* _Work item_
Once the line containing "Karrý Madras grænmetispottur" is found in the entries below, restate it and each following line word for word, stopping after the line containing "Flo Brown Merino".

* _Data excerpts_
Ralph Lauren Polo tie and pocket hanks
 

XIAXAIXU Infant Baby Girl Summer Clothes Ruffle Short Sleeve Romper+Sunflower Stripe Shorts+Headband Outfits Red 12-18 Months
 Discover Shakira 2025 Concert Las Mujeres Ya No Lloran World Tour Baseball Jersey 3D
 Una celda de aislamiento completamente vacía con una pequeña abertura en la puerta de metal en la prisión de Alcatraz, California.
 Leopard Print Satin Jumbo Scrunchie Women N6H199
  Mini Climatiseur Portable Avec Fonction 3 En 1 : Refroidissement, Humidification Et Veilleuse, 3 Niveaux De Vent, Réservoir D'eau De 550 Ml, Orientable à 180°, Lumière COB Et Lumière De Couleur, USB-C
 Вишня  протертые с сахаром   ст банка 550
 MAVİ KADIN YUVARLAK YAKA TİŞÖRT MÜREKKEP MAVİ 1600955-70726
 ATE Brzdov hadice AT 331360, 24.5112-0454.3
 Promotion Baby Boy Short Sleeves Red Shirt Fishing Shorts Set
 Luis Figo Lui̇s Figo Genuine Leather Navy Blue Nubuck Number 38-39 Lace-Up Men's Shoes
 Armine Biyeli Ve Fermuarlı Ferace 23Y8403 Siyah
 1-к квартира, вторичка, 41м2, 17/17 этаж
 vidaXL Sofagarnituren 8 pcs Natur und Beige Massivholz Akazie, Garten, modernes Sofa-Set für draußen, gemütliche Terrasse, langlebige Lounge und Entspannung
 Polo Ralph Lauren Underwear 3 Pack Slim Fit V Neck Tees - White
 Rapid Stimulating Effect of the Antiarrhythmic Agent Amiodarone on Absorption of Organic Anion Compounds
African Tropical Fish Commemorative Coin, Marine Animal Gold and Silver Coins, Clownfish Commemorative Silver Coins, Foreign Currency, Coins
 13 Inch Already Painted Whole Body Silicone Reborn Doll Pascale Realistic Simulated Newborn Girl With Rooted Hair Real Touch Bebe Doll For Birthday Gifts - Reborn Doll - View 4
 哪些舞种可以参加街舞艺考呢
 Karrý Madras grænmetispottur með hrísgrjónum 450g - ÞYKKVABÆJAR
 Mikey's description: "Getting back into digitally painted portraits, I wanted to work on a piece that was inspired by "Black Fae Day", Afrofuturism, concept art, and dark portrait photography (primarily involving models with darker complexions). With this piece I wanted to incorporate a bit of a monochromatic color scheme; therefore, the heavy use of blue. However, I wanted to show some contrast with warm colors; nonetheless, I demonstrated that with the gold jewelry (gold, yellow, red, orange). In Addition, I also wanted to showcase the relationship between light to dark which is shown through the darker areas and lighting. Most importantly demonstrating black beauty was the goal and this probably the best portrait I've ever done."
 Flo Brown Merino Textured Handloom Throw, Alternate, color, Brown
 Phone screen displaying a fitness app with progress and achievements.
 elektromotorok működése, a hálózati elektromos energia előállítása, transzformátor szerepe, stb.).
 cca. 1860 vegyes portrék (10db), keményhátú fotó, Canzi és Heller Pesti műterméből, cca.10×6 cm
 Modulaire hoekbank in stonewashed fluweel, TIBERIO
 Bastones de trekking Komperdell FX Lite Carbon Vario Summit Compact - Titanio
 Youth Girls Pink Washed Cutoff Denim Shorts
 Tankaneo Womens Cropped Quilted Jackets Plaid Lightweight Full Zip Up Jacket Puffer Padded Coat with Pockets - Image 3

* _Reply to the exercise_
 Karrý Madras grænmetispottur með hrísgrjónum 450g - ÞYKKVABÆJAR
 Mikey's description: "Getting back into digitally painted portraits, I wanted to work on a piece that was inspired by "Black Fae Day", Afrofuturism, concept art, and dark portrait photography (primarily involving models with darker complexions). With this piece I wanted to incorporate a bit of a monochromatic color scheme; therefore, the heavy use of blue. However, I wanted to show some contrast with warm colors; nonetheless, I demonstrated that with the gold jewelry (gold, yellow, red, orange). In Addition, I also wanted to showcase the relationship between light to dark which is shown through the darker areas and lighting. Most importantly demonstrating black beauty was the goal and this probably the best portrait I've ever done."
 Flo Brown Merino Textured Handloom Throw, Alternate, color, Brown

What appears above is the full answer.